Debtor is therefore ordered to appear on August 18, 2000 at 9:30 a.m. to show cause why the following restrictions should not be imposed.
(1) No response need be filed to any motion filed by Debtor until the court reviews the motion to determine whether it has been filed for a proper purpose and states a valid basis for the relief sought.
(2) The court will review promptly each motion filed by Debtor and either deny the motion or call for a response to the motion and set a schedule for hearing.
(3) No motion filed by Debtor may be set for hearing except under the procedures described in the previous paragraph.
(4) If Debtor believes that any motion requires expedited consideration, an explanation of the need for expedited treatment and a proposed schedule should be included in the motion.
Any response to this order to show cause shall be in writing and shall be filed by August 11, 2000.
III. STAY OF CONVERSION OF CASE
Conversion of this case to one under chapter 7 is stayed until July 24, 2000. Before that time, Debtor may exercise his right to dismiss this chapter 13 case voluntarily pursuant to section 1307(b) of the Bankruptcy Code. In light of the findings set forth above, however, I determine that if Debtor does dismiss voluntarily, he should be barred from filing a new chapter 7 case for one year after such dismissal, and from filing a chapter 11 or chapter 13 case for two years after such dismissal. No response to the order to show cause is required if Debtor files a timely voluntary dismissal.
Dated: July 14, 2000
Thomas E. Carlson United States Bankruptcy Judge
1. I assume a sale price of $27,000, costs of sale of $4,050 (15 percent), and income tax on the gain of $9,180 (40 percent of the proceeds after costs of sale). The net proceeds would be greater if the property has a positive tax basis or if the estate's marginal tax rate is less than 40 percent.

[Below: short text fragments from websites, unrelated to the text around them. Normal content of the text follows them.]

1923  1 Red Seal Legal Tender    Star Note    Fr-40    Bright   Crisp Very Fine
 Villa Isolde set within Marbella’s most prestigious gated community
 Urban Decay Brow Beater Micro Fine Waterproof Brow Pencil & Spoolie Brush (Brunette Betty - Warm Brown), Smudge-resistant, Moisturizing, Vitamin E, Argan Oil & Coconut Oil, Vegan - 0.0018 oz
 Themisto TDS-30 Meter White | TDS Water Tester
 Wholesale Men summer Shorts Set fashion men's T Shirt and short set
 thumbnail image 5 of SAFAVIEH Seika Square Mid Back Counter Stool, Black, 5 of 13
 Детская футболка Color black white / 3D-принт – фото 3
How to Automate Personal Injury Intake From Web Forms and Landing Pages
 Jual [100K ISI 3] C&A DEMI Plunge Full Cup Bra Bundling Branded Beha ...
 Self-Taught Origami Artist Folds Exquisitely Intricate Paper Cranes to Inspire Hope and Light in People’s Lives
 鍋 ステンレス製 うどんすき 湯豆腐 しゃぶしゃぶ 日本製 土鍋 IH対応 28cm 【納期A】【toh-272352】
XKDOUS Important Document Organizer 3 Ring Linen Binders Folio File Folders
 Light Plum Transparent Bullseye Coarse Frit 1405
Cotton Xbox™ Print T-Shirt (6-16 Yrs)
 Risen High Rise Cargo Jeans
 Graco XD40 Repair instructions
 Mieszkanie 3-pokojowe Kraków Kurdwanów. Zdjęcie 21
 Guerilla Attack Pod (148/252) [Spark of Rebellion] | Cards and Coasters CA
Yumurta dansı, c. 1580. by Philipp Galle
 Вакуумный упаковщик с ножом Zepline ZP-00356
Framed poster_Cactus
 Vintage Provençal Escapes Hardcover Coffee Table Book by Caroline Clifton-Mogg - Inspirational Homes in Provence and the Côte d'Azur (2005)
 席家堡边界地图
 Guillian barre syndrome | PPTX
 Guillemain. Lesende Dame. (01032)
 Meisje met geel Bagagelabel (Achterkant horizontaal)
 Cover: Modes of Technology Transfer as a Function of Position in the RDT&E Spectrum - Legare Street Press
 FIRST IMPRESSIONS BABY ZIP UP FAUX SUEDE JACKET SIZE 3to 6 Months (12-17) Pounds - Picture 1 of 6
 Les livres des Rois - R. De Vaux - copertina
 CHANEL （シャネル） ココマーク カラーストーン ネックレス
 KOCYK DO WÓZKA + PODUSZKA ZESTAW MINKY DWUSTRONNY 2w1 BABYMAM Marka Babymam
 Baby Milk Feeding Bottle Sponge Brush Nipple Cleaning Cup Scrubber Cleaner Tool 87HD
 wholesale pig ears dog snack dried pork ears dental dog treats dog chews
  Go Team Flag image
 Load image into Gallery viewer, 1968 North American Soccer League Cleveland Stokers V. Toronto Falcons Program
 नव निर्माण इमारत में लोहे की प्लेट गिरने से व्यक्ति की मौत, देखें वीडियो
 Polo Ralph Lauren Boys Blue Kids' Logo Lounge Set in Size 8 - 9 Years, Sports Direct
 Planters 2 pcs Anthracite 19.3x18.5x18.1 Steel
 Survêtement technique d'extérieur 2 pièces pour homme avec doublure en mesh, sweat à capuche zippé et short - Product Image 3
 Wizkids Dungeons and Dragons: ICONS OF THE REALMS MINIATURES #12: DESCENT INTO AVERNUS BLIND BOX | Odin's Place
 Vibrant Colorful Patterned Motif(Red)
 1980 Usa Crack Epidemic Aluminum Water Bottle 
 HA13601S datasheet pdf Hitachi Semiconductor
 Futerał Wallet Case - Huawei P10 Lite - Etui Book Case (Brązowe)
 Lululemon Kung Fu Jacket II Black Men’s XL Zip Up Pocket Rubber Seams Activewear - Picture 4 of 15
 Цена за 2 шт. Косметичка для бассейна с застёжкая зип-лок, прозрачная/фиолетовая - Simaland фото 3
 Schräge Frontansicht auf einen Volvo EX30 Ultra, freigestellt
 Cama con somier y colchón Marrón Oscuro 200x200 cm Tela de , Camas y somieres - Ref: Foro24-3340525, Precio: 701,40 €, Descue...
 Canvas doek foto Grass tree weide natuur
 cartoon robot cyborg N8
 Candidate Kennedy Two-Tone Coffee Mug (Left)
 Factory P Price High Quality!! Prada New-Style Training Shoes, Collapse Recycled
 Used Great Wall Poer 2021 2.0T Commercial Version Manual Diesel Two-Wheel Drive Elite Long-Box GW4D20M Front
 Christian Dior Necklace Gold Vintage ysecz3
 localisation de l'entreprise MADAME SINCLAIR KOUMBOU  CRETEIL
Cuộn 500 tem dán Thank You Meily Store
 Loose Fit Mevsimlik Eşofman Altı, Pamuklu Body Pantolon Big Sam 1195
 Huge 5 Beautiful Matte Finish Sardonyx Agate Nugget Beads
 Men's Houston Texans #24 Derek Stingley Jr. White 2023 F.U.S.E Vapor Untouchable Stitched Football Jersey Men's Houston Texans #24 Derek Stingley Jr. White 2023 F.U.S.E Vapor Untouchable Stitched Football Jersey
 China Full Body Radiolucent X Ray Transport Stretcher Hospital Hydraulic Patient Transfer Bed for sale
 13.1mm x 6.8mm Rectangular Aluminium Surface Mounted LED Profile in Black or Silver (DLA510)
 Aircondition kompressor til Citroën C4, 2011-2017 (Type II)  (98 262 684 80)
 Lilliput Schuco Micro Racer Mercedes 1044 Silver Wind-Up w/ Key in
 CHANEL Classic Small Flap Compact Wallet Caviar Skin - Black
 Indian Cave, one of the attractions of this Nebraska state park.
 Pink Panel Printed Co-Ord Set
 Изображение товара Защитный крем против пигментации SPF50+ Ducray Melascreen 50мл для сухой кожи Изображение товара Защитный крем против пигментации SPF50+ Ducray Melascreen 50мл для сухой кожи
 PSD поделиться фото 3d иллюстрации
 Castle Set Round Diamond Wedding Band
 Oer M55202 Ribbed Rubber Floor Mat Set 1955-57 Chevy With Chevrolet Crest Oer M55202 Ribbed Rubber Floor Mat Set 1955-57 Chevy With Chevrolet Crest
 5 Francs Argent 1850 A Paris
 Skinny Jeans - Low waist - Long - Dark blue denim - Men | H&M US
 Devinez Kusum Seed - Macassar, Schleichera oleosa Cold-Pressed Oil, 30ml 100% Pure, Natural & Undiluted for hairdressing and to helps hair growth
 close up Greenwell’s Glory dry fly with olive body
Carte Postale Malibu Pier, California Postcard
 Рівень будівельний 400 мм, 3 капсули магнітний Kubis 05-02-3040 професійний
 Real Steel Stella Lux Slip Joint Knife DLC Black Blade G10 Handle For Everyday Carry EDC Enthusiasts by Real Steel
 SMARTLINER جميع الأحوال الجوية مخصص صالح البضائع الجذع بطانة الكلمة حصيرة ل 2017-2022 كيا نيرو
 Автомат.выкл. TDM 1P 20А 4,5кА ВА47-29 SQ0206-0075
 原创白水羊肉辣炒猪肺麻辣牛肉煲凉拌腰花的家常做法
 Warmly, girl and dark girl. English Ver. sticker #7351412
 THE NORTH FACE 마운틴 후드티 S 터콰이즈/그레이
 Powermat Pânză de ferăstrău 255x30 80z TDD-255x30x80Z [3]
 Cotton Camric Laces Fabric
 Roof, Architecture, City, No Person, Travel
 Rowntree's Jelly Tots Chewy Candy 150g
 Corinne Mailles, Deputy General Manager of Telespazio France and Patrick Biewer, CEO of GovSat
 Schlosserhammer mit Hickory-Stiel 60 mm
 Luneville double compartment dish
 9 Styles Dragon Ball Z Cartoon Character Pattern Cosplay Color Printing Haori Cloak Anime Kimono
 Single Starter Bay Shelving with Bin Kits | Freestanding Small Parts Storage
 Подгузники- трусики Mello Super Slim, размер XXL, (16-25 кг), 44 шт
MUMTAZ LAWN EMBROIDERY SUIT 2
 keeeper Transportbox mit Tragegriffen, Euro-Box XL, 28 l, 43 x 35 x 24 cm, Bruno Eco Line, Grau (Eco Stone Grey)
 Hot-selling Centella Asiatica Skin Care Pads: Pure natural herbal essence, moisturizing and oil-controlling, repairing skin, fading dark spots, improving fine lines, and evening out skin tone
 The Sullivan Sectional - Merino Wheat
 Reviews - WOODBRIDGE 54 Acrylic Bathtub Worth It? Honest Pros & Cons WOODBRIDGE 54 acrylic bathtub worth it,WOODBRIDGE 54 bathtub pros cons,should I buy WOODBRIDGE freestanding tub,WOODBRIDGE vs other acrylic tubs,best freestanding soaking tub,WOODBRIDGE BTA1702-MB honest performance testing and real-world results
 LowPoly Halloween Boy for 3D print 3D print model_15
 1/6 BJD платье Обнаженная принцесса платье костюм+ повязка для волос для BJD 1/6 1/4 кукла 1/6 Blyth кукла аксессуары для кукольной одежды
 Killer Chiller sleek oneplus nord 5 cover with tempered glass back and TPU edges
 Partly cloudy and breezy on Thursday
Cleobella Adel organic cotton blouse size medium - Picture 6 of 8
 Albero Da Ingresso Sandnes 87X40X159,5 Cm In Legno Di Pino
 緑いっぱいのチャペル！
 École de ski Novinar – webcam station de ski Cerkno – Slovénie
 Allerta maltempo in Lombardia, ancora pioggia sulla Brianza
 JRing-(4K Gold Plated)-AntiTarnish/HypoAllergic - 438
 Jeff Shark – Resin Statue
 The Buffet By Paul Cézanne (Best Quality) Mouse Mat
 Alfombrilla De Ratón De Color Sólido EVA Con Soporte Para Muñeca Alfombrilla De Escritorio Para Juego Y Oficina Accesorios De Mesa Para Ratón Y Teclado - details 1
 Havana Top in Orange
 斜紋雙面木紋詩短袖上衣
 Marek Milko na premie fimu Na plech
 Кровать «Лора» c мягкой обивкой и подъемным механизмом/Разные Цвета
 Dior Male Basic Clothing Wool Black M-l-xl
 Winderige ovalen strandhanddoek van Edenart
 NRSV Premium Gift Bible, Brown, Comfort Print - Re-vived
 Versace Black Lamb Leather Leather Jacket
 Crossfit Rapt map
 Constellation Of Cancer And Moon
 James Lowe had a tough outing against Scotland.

2. Debtor lists the fair market value of the New Orleans property as $140,000, subject to a lien of $4,600. I assume costs of sale of $11,200 (8 percent) and income tax on the gain of $51,520 (40 percent of the proceeds after costs of sale). The net proceeds would be greater if the property has a positive tax basis or if the estate's marginal tax bracket is less than 40 percent.
3. The lack of disposable income also casts doubt on Debtor's ability to make the scheduled payments of $540 per month over the last 48 months of the plan.
4. These motions are discussed more fully in Part II, below.
5. It is interesting to note that Debtor had filed a previous chapter 13 case in the Oakland division of this court. When Judge Jellen made a ruling Debtor did not like, Debtor dismissed that case and filed the present case in the San Francisco division. In so doing, he stated that he believed Judge Jellen had a personal bias against him. See Debtor's Affidavit re Disqualification, filed March 10, 2000, at 2.